Commonly used as filler foliage that adds vertical interest to rounded arrangements, beargrass belongs to the lily family and accentuates a centrepiece arrangement. The delicate, grasslike foliage comes in olive-green and variegated varieties that enhance the appearance of an arrangement when placed along the flowers, so it towers over the blooms, or anchored into a loop placed at the base. This long-lasting, evergreen foliage complements all flower shapes and colours.

Magnolia

Depending on the desired look, place the glossy, wide, deep-green magnolia leaves around the edge of the arrangement to structure it, or place leaves between blooms to add contrasting colour and break the monotony.

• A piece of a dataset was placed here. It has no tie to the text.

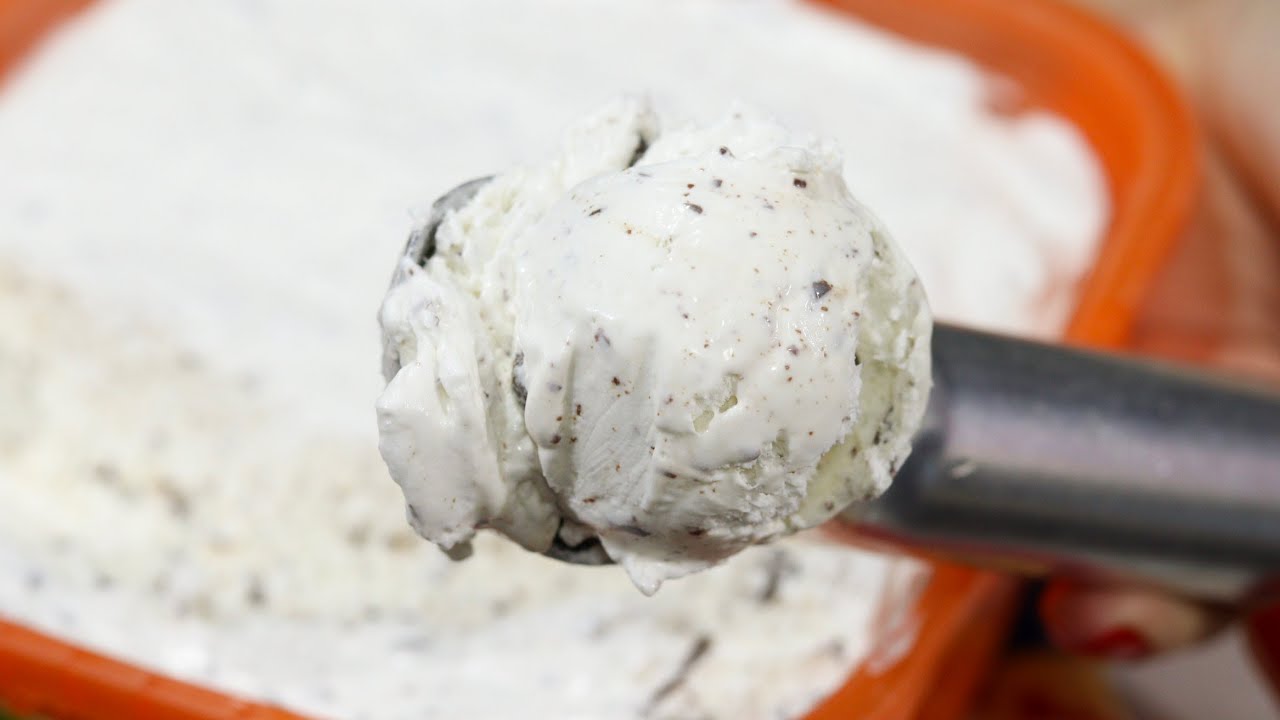 SEM EMULSIFICANTE! MELHOR QUE SORVETE COMPRADO - ESSE SORVETE FICA SIMPLESMENTE MARAVILHOSO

When slowed to dry, magnolia leaves turn an attractive bronze or golden-brown and make an attractive addition to a dried flower arrangement.

Eucalyptus

Eucalyptus leaves feature erect stalks with well-formed, mildly aromatic leaves that draw attention even on their own. The silver-tinted leaves complement an arrangement comprised of pale or bright coloured blooms. The leaves are also dried and used for potpourri. Out of the different varieties available, the most commonly used eucalyptus foliage for bouquets and arrangements is the silver dollar.

Fatsia Leaves

The maple-like wide and flat fatsia leaves complement any arrangement and provide a bold background to blooms. Use a few stalks with a fresh flower arrangement or pair with elongated beargrass for a visually pleasing centrepiece.

Lamb's Ear

The tip of this foliage is folded like a lamb's ear, hence the name. Two types of this soft-textured foliage are favourite choices for flower arrangements and bouquets --- the variegated variety or the silver-grey green type.